This rejection of the traditional doctrinal understanding of original sin is, of course, due to Joseph Ratzinger’s total embrace of evolution (explored here: http://www.waragainstbeing.com/node/40 ), and the consequent rejection of the whole concept of man as being created in a state of original justice. Thus, in his book Eschatology: Death and Resurrection, he writes the following concerning the emergence of spirit in man:

“This would then lead to the insight that spirit does not enter the picture as something foreign, as a second substance, in addition to matter: the appearance of spirit, according to the previous discussion, means rather that an advancing movement arrives at the goal that has been set for it….The clay became man at that moment in which a being for the first time was capable of forming, however dimly, the thought ‘God.’ The first ‘thou’ that – however stammeringly – was said by human lips to God marks the moment in which spirit arose in the world. Here the Rubicon of anthropogenesis was crossed.” (p. 46-47).

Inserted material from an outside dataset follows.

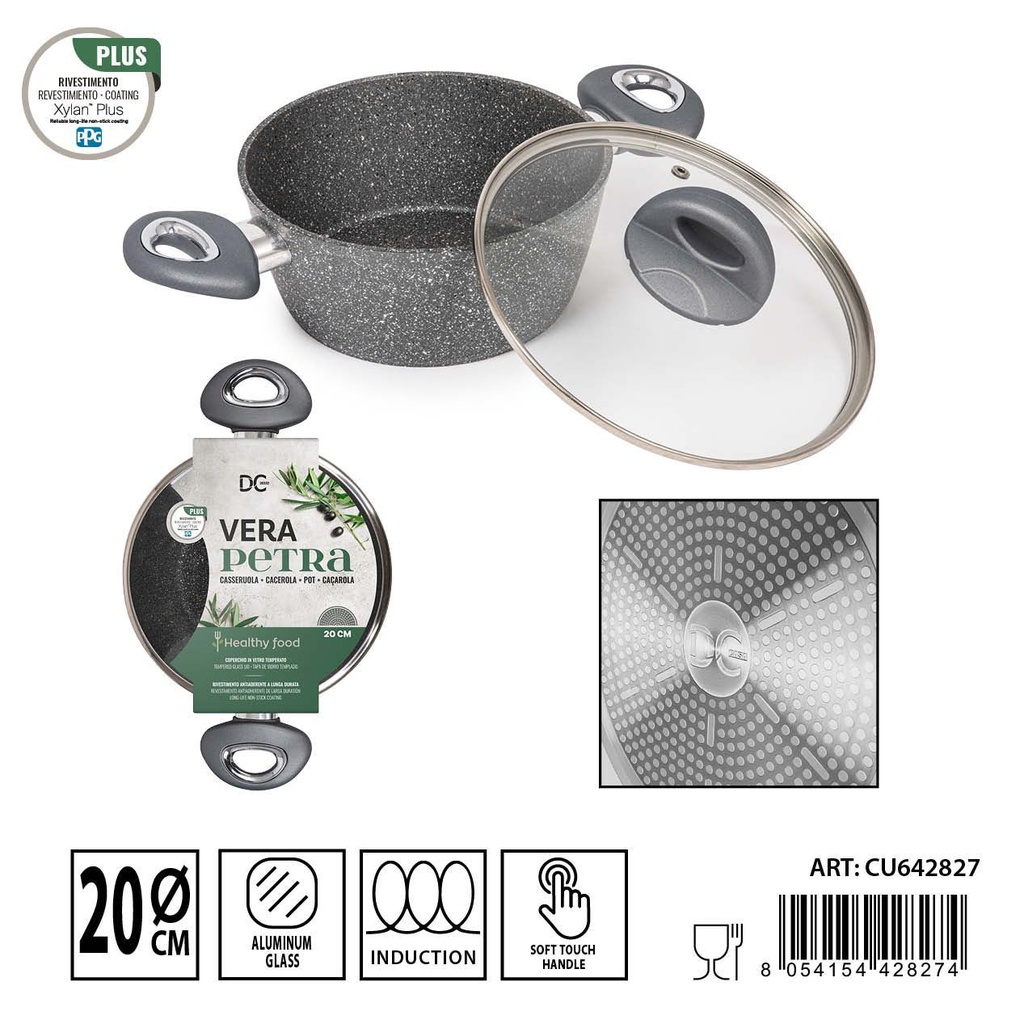Olla de inducción Vera Petra con tapa 20 cm - Olla y sartén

Such a being, as here described by Joseph Ratzinger, certainly does not possess the state of sanctifying grace, the preternatural gifts of intelligence – in regard to both natural and supernatural truths, or the moral culpability necessary for us to make any sense out of the concept of a “fall” from a state of original grace and nature. Thus, virtually all of Catholic theology and philosophy is thrown into chaos. Much of this has been explored in numerous articles on my website. (especially here: http://www.waragainstbeing.com/node/40).

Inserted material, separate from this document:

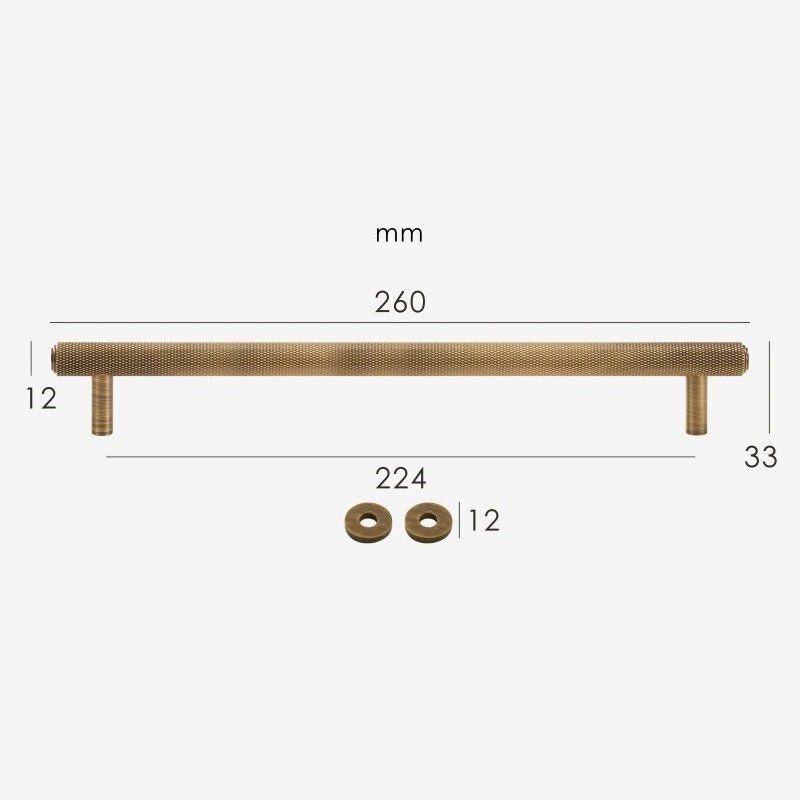 Maniglie zigrinate in ottone massiccio PLAKA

It would appear, therefore, to be fully consistent with the thinking of Archbishop Lefebvre that any of his followers should now feel justified in embracing sedevacantism. The floodgates are open.

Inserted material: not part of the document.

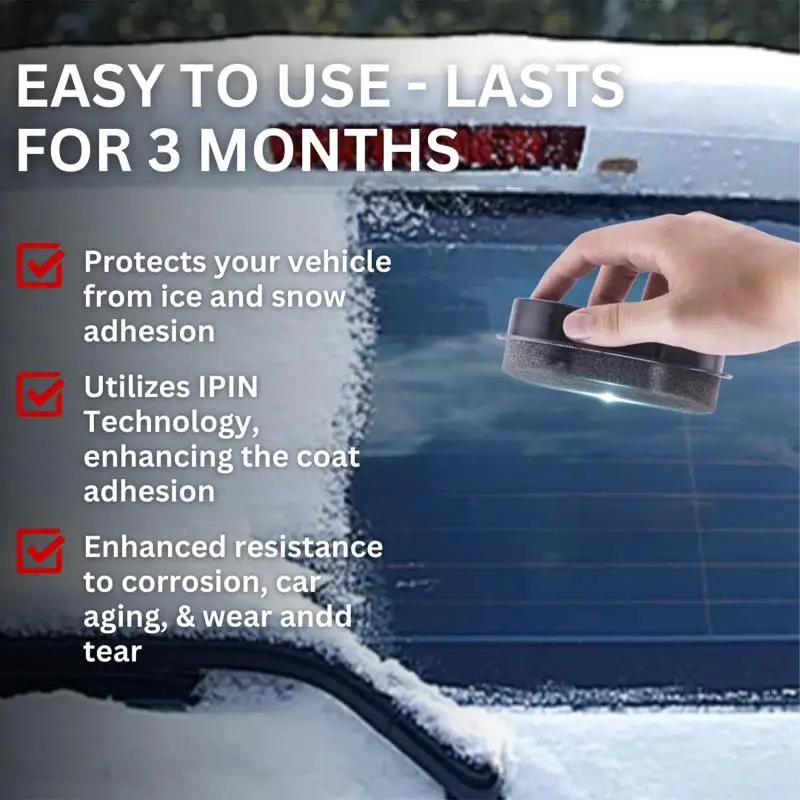 Car Windshield Cleaning Sponge Black Portable Winter Tool For Mirror Glass And Window Maintenance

http://www.waragainstbeing.com/node/43

A “heretical” pope is no pope, not even a member of the Church.

Larson says this elsewhere on his site:

Finally, I wish to state that I do not support in any way either the sedevacantist position, or that of the SSPX or any individual or group that has defied the Pope in his discipline and government of the Church. I have written a small book on this subject which I have available as a Word-document, and which I would be happy to send to any reader upon request. I wish also to state that many of my articles have appeared in Christian Order Magazine, the website of which is www.christianorder.com.

(http://www.waragainstbeing.com/parti-introduction

I have asked Mr. Larson for a copy of this document, and will let you know - with his permission - what he has to say about our “problem.”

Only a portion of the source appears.